Other times, I use this column to make specific predictions. In Week 4, I explained that touchdowns tend to follow yards and predicted that the players with the highest yard-to-touchdown ratios would begin outscoring the players with the lowest. In Week 6, I explained that yards per carry was a step away from a random number generator and predicted the players with the lowest averages would outrush those with the highest going forward. In Week 8, I broke down how teams with unusual home/road splits usually performed going forward and predicted the Cowboys would be better at home than on the road for the rest of the season.
The Scorecard
Statistic Being Tracked | Performance Before Prediction | Performance Since Prediction | Weeks Remaining |
---|---|---|---|
Yard-to-TD Ratio | Group A averaged 17% more PPG | Group B averages 10% more PPG | None (Win!) |
Yards per carry | Group A averaged 22% more yards per game | Group B averages 38% more yards per game | None (Win!) |
Cowboys Point Differential | Cowboys were 90 points better on the road than at home | Cowboys are 12 points better at home than on the road* | 8 |
As they so often do, our "low-ypc" group not only outgained our "high-ypc" group, they averaged more yards per carry while doing so; Group A fell from 5.72 ypc before the prediction to 4.75 after, while Group B rose from 3.47 to 4.84. Amusingly, Group B averaged 5.66 ypc in even-numbered weeks and 3.97 ypc in odd-numbered weeks. Yards per carry, as I often say, is just a step away from a random number generator.

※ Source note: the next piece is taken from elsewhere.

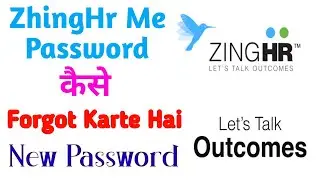 Zinghr Forgot Username And Password #forgotten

Group A saw tremendous performances from Saquon Barkley and Derrick Henry, so you might think that a few terrible performances elsewhere dragged the entire group down, but that's not the case. In fact, you could remove the bottom 50% of the sample (the worst 7 out of the 14 backs) and Group B still would have outgained Group A (even though removing the bottom 50% would have increased Group A's lead at the start from 22% to 38%.)
As for the Cowboys, they lost their second road game of the year and still haven't played at home. An injury to quarterback Dak Prescott means things could get quite interesting for the prediction down the stretch. We'll have to see how it plays out, though.
(Most) Quarterback Stats Don't Regress As Much
When considering regression, I find it useful to think of production as a result of a combination of both skill (or factors innate to the player) and luck (or factors outside the player's direct control). Statistics that are more luck than skill tend to regress quicker and more significantly than statistics that are more skill than luck.
I've linked to research by Danny Tuccitto where he found that running backs needed 1,978 carries before their ypc average reached a point where it represented more skill than luck. Using the same methodology, Danny has also found that a quarterback's yards per attempt average (or YPA) stabilized in just 396 attempts. For a running back, this represents eight years of 250-carry seasons. For a quarterback, that's less than a season's worth of attempts (only one team -- the 2022 Chicago Bears -- has finished with fewer than 400 pass attempts since 2010).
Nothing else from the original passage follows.